▸ **Data block**
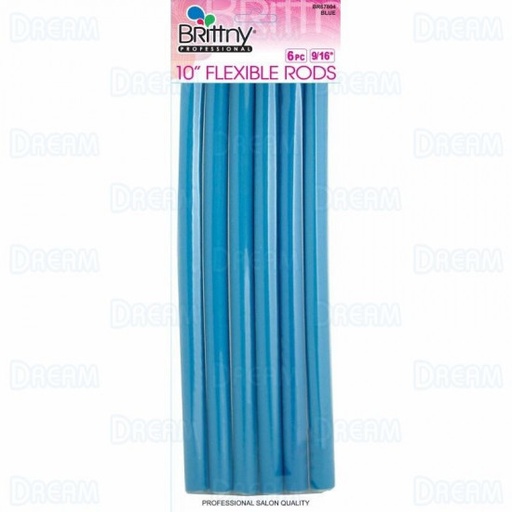 BRITTNY ROD FLEX 10" [ORANGE] 6CT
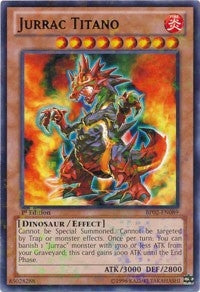 Image for Jurrac Titano (BP02-EN089) (BP02) - YuGiOh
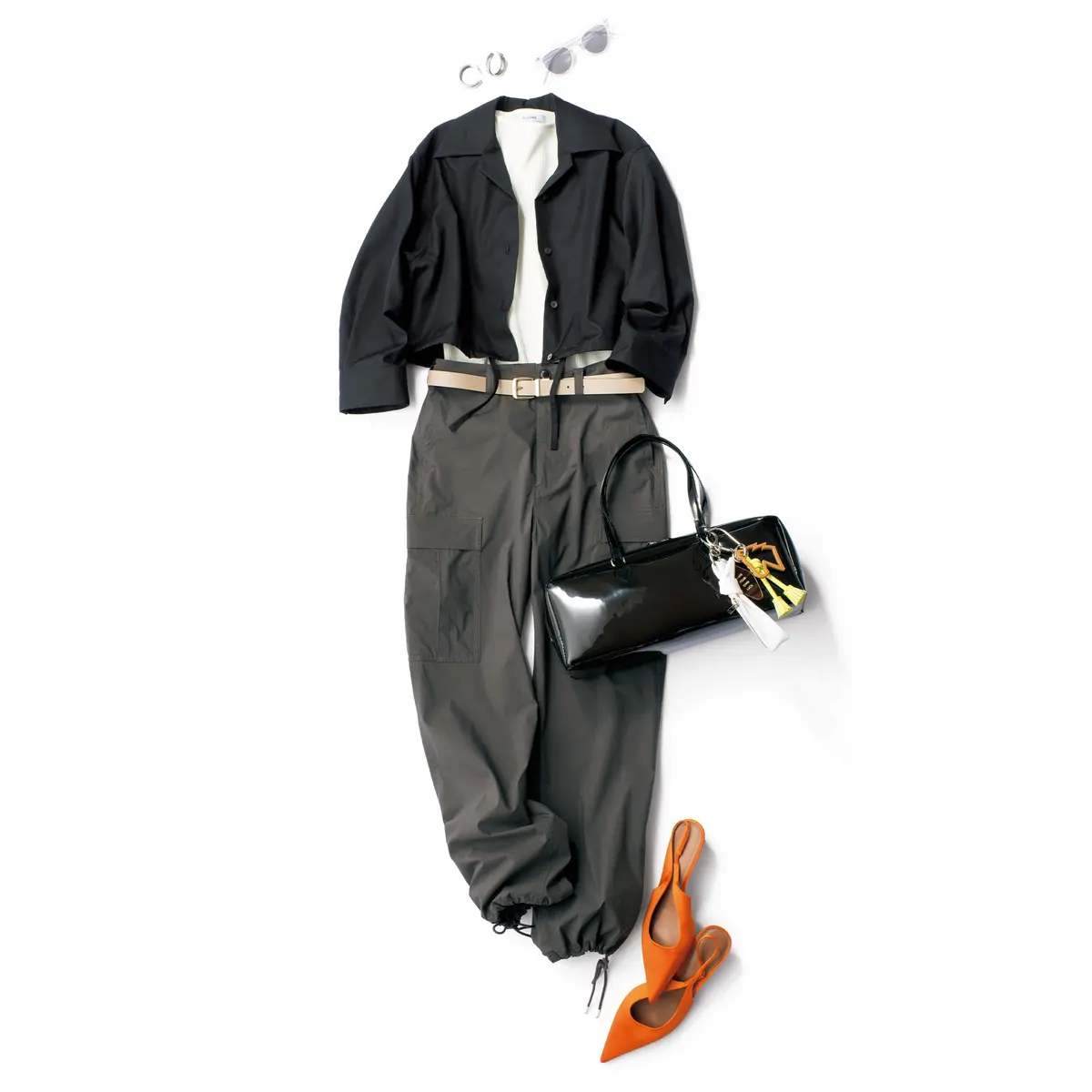 SLOANE×eclat【宮崎桃代さん別注】シアーブルゾン￥25,300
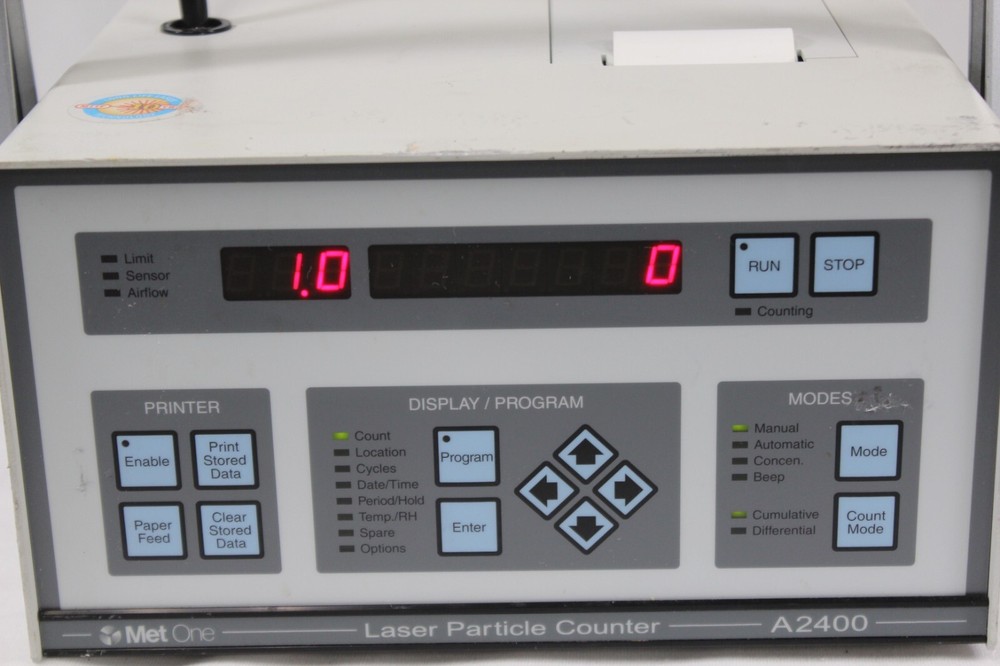 MET One A2400 Laser Particle Counter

▸ **What to work on**
Return an exact transcription of the material, with its pictures left out.

▸ **Result**
 BRITTNY ROD FLEX 10" [ORANGE] 6CT
 Image for Jurrac Titano (BP02-EN089) (BP02) - YuGiOh
 SLOANE×eclat【宮崎桃代さん別注】シアーブルゾン￥25,300
 MET One A2400 Laser Particle Counter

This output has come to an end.